Task to complete:
The task for the listing below is to write out exactly the lines starting at the one containing "MesaSe Bonnet de" and ending at the one containing "Gimax 1000PCS DC", both included. Pictures are to be omitted.

╭─ The records

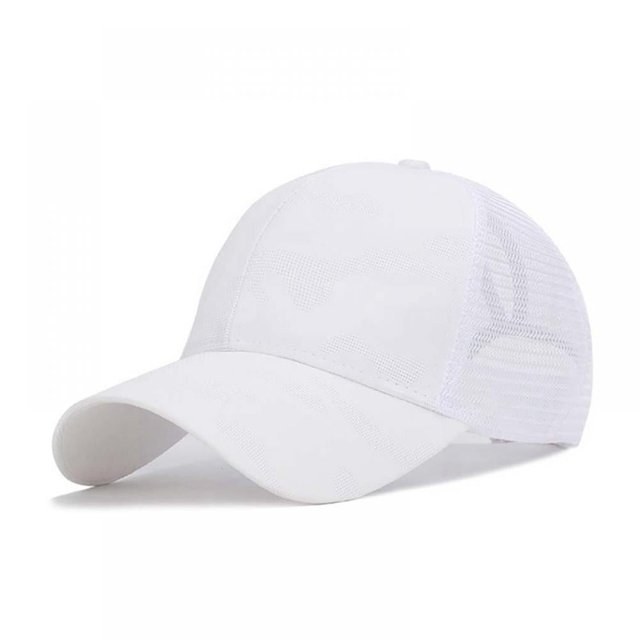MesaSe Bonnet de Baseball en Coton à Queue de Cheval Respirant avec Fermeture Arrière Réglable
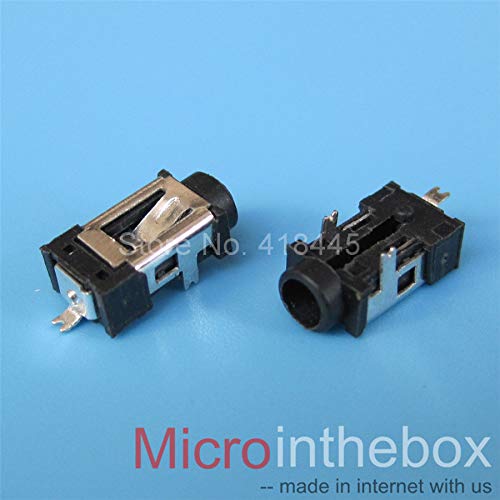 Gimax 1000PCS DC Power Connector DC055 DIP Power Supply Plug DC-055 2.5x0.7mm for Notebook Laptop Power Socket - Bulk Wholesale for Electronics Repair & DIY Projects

╰─
╭─ The records

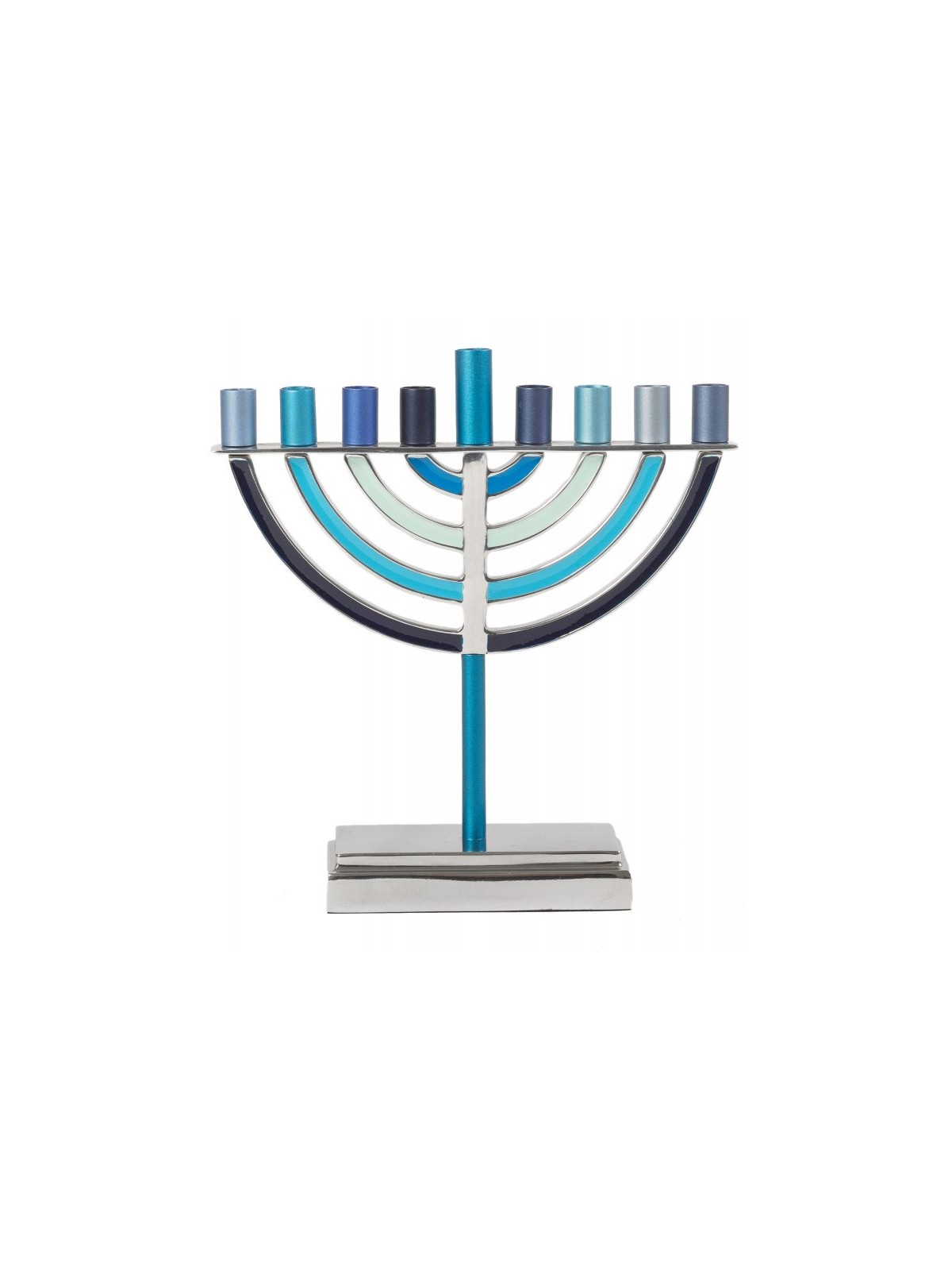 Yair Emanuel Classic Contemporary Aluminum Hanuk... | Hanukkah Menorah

╰─
╭─ The records

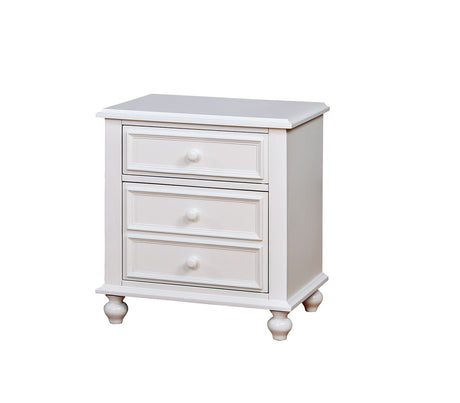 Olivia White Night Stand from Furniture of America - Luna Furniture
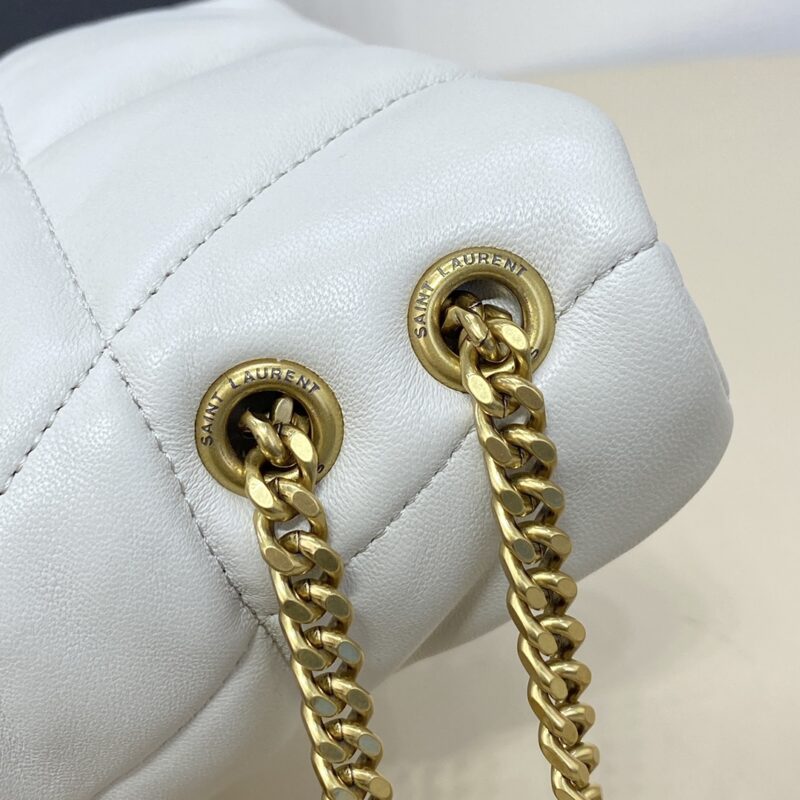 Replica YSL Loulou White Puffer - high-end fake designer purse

╰─

Response to this exercise:
MesaSe Bonnet de Baseball en Coton à Queue de Cheval Respirant avec Fermeture Arrière Réglable
 Gimax 1000PCS DC Power Connector DC055 DIP Power Supply Plug DC-055 2.5x0.7mm for Notebook Laptop Power Socket - Bulk Wholesale for Electronics Repair & DIY Projects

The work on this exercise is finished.